The article suggested tenants should negotiate rents down by offering longer notice periods, giving the landlord more time to find a new tenant. Theoretically, a sound idea, but most tenants don’t want to be tied into contracts where they have to give 3, 4 or more months notice to leave. A vast number of tenants chose rented property for its flexibility – especially where flat/house sharing with friends or where their employment may necessitate moving from place to place. A longer notice period for many agents, at the moment, isn’t desirable. Rental demand is very strong. The landlords challenge is to find good tenants who will look after the property, not annoy the neighbours with all-night parties, cut the grass and clean the windows regularly, and pay the rent on time.

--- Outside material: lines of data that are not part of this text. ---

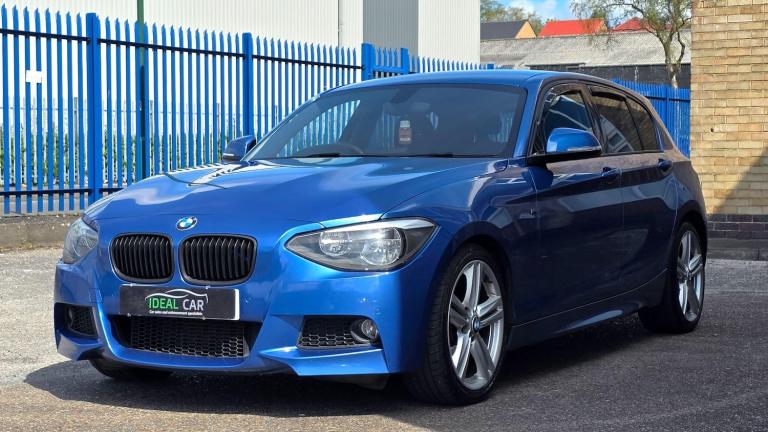 2012 BMW 1 Series 116d M Sport 5dr HATCHBACK DIESEL Manual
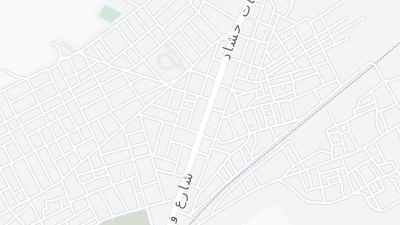 호텔 위치 지도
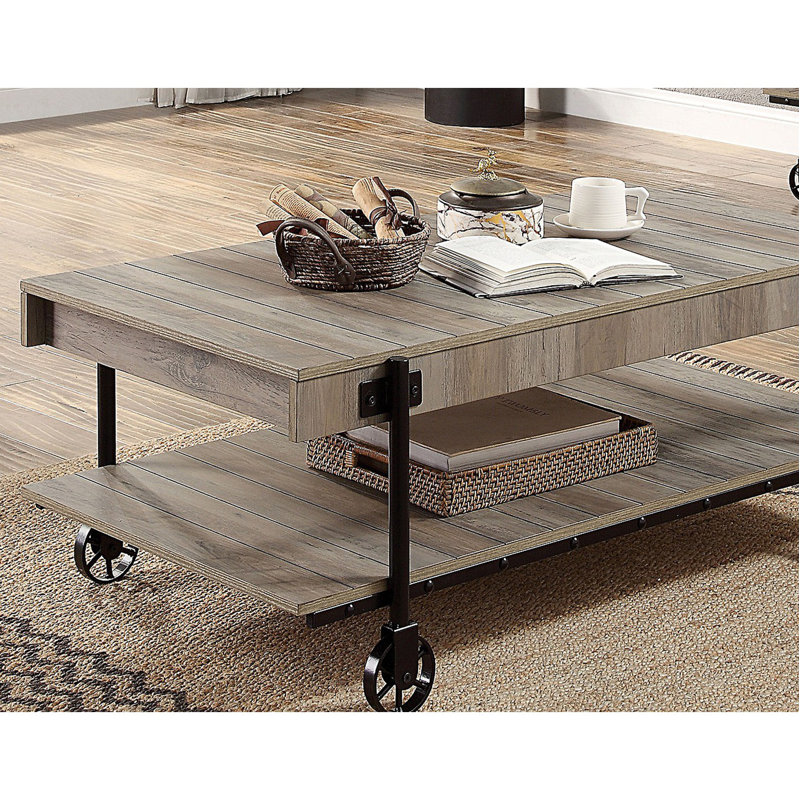 Table basse de style industriel 1Pc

The Times journalist quite rightly said that such tenants were in a strong position to re-negotiate a new contract with little or no rent increase. I concur. These are the tenants we, as managing agents, cherish. There’s constant media talk of landlords wanting to kick tenants out, but this is far from the reality. Landlords buy investment property to generate a regular income, or at least ensure the rent pays the mortgage, so they can benefit from capital growth. The last thing they want is an empty property, especially as they then have to pay any mortgage and the Council Tax out of their savings. But we are the first to encourage a change of tenants in a property where the tenant is not looking after the property, they’re in breach of covenant in some respect (nuisance, pets, damage, etc) or where they are constantly in arrears with the rent. Good management on our part necessitates taking control of such a ‘problem’ on behalf of the landlord and engineering a new tenancy with a good tenant. Such work on our part is not desired – why would we want to create work for ourselves when we can get paid a regular, modest, commercial fee with good tenants who cause us little, if any problems?

There are a small number of letting agents who can make a significant sum of money from tenant changes. Most estate agents in Leeds, especially the majority of those members of the Leeds Estate Agents, Surveyors and Valuers Association, charge letting fees that simply cover their costs for advertising and setting up a new tenancy. Tenants can differentiate agents by what they charge in Tenants Fees – those who charge the most are likely to seek a tenant change sooner rather than later – although if the Tenant Fee ban is implemented this means of identification will disappear. That said, most landlords will not agree to tenants being ‘forced out’ for the agent’s benefit and at the end of the day the letting agent must act on their client’s instructions.

Rental values are determined by supply and demand. If we believe rents are increasing it is beholden upon us, as the agent for the landlord (the client), to advise them accordingly. But even if rents have risen £50 pcm over the year on a £700 pcm property, would the landlord want to run the risk of losing a perfectly good, reliable, tenant? The agent’s re-letting fee would absorb the bulk of the rent increase, and they would be running the risk of the property being empty for a month, along with the liability for the Council Tax for a month. It is ludicrous to suggest this would happen with a good tenant.

Landlords and agents are constantly being portrayed as the ‘bad guys’, trying to take advantage of tenants (the ‘good guys’?). Landlords and agents are not usually philanthropists, I accept, but neither are the majority out to hurt or fleece anyone. There is always room for some negotiation when it comes to property deals (sale or rentals) but landlords need to be wary over future liabilities and responsibilities, and where compromise are agreed the parties should have been made ware of any potential pitfalls.

It is the season of goodwill, and I hope my aforementioned comments are taken in the positive spirit (I prefer Sauvignon Blanc to be honest) with which it is intended.

On behalf of Julie, Hayley, myself, Michael Davies and all the team at Moores, may I wish all our clients and customers a very Merry Christmas/holiday period and a happy, healthy and prosperous New Year.